Reste à s’intéresser au gameplay : quel plaisir prend-on manette en mains à parcourir les niveaux qui composent le titre ?

Un gameplay faillible mais efficace

La version Nintendo Switch du titre lancée, les premiers pas dans l’aventure peuvent être déconcertants… En effet, le début du jeu souffre très vite de ralentissements conséquents. Et changer les options graphiques n’y change rien ! Heureusement, cependant, on retrouve une fluidité au fil des niveaux.

Certes, la baisse de framerate (nombre d’images par seconde) se fait parfois sentir lorsque trop de sprites (personnages) sont présents à l’écran, mais rien qui ne vienne obscurcir l’expérience globale. Cela nous rappellerait presque nos moments passés dans Castlevania sur NES par exemple… D’ailleurs, ces ralentissements sont peut-être même spécifiques à l’adaptation du titre sur la machine hybride de Nintendo.

On se retrouve donc dans un metroidvania classique où vous aurez le choix des armes avec la possibilité de les améliorer. Votre niveau augmente également au fur et à mesure que vous engrangez des points d’expérience. La carte du jeu est assez claire, et se dévoile lors de l’obtention de compétences telles que le double saut ou la glissade. Vous aurez l’occasion de chercher des switchs (des objets clefs) d’une certaine couleur pour débloquer les portes correspondantes.

Outre les ennemis classiques, le titre vous opposera à des boss emblématiques allant du chevalier ténébreux au roi démoniaque en passant par des dragons belliqueux.

Mais en dehors de ses armes, dont la dague, la faux ou l’épée à deux mains, Deedlit saura compter sur ses pouvoirs magiques. En effet, elle apprendra des sorts puissants qui seront déterminants dans ses affrontements.

De même, c’est sur l’esprit de feu et de l’eau que le jeu tire sa force et propose une originalité qui rappelle le fameux gameplay shoot’em up façon Treasure Ikaruga.

Esprits de feu et d’eau

En fait, vous allez pouvoir vaciller entre l’esprit de Salamander et de Sylph à tout moment.
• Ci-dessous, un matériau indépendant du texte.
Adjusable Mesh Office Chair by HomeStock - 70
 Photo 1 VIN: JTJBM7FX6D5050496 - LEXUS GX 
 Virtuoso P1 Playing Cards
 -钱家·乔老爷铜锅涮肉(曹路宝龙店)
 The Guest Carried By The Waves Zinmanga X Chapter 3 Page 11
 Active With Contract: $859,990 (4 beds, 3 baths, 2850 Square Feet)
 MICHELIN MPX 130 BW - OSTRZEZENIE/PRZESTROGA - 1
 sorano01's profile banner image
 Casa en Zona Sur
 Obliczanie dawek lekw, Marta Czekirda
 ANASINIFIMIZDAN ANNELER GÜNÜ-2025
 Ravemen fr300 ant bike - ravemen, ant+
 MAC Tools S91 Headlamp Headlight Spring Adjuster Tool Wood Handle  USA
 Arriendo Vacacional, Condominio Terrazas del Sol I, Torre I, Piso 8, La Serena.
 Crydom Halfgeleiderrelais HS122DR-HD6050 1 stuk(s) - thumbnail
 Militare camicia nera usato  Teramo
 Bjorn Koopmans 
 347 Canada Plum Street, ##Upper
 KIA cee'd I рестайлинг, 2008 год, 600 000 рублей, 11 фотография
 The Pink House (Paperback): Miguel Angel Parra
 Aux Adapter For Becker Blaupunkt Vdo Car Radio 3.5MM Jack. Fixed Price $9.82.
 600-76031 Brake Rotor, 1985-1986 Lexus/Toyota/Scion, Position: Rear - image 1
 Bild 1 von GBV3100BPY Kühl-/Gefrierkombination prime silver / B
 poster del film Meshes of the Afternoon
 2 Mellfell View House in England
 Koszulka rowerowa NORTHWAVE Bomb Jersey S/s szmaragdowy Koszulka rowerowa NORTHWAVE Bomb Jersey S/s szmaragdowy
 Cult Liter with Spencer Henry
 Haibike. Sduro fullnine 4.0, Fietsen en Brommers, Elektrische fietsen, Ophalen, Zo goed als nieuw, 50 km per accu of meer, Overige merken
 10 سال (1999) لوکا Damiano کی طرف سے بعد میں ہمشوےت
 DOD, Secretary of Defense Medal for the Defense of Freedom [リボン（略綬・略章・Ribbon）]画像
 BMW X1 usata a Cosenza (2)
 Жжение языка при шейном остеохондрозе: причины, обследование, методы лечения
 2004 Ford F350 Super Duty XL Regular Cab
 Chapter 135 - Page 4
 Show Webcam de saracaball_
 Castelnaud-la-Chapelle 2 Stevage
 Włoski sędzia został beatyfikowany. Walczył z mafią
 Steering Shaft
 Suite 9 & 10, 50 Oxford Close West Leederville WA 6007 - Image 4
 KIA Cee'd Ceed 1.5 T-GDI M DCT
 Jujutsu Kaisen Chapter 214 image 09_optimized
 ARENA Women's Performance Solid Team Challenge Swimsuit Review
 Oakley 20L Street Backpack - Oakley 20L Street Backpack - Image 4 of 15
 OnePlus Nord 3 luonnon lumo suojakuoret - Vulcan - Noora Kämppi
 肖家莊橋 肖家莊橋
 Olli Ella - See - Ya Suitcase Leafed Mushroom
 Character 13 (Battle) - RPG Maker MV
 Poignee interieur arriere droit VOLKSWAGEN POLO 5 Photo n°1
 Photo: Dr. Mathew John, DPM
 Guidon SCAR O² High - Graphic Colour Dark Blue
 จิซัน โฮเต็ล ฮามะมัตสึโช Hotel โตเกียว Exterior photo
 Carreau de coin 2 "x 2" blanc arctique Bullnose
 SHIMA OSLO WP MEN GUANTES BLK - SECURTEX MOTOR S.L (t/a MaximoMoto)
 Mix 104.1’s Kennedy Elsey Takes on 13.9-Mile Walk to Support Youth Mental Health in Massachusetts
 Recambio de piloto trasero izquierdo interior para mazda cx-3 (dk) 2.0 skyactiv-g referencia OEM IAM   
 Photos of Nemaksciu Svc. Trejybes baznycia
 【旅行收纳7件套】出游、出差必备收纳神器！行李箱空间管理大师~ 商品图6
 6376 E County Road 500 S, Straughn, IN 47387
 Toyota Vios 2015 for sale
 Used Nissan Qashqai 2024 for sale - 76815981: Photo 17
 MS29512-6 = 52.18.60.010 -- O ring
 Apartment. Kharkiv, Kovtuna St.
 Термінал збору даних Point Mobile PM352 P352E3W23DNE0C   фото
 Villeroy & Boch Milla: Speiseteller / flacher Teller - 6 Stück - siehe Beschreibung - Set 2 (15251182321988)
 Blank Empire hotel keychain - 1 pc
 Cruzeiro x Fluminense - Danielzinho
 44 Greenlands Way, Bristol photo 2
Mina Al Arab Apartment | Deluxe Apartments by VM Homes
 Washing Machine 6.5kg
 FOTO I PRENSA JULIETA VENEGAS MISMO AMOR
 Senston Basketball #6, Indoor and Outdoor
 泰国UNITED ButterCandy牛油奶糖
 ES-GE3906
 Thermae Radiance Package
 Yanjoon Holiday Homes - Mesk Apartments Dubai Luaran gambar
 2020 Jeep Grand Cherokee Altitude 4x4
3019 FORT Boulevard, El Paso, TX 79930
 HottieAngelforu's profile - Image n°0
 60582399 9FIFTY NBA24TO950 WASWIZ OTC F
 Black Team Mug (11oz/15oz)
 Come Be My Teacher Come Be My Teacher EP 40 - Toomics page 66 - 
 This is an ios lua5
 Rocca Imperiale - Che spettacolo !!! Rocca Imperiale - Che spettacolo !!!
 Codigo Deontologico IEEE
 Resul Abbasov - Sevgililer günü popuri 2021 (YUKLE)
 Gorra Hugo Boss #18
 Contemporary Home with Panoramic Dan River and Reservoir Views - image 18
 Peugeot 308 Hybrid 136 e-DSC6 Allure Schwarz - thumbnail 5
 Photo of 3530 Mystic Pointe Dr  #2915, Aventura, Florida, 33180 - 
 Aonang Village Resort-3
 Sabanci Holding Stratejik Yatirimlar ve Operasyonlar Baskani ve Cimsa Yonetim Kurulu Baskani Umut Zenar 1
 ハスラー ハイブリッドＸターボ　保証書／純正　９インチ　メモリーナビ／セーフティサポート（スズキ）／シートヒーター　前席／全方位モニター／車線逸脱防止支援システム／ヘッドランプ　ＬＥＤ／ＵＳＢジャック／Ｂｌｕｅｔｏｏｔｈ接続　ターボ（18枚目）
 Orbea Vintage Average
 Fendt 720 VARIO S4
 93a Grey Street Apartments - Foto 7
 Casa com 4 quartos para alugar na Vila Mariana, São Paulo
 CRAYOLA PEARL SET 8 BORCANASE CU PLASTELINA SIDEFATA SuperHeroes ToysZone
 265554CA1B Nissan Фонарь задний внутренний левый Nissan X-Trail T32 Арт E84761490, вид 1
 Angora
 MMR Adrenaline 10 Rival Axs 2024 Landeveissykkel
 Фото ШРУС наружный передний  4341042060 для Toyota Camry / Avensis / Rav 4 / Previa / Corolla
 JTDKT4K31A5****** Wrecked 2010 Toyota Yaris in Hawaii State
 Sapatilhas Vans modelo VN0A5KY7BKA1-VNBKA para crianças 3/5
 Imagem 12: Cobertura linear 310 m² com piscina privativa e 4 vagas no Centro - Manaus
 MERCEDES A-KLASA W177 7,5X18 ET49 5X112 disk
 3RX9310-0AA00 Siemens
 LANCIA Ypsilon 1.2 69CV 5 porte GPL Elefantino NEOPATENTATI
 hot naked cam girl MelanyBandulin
Ainsi, équipé de l’esprit du feu, vous pourrez littéralement marcher sur la lave et passer à travers des murs enflammés. Lorsqu’un esprit est invoqué, vous devenez insensible aux dégâts de son type. Mieux, cela régénère votre jauge de magie.

En outre, les cubes qui apparaissent en attaquant ou en terrassant des ennemis (ou des carcasses d’animaux) font monter les esprits de niveau. Ce niveau des esprits correspond à la puissance d’attaque de Deedlit. Au niveau 3, vos points de vie se régénèrent automatiquement.

Tout ceci permet donc une vraie stratégie dans votre approche des combats et des obstacles que vous rencontrerez. Même s’il faut l’avouer, dans le feu de l’action, on a tendance à faire un peu n’importe quoi.

Outre cette dualité à prendre en compte, étant une elfe, Deedlit est une archère hors pair. Tant que vous avez de la magie, vous pourrez décocher vos flèches. Ces dernières rebondissent sur le métal et il faudra tirer parti de cette spécificité pour résoudre certaines énigmes. Vous aurez même l’occasion de montrer votre habileté d’archer car le titre vous propose un mini-jeu dans l’une de ses salles obscures…

Autre originalité : l’occasion de retrouver votre vieil ami Woodchuck qui vous proposera de jouer à une partie de dés avec lui. Misez votre pactole sur des numéros afin de gagner la partie. Anecdote amusante, votre compagnon voleur ne supporte pas les tricheurs. Ainsi, si vous décidez de sortir du jeu pour reprendre votre sauvegarde car vous avez perdu votre mise, Woodchuck vous rappellera vite à l’ordre.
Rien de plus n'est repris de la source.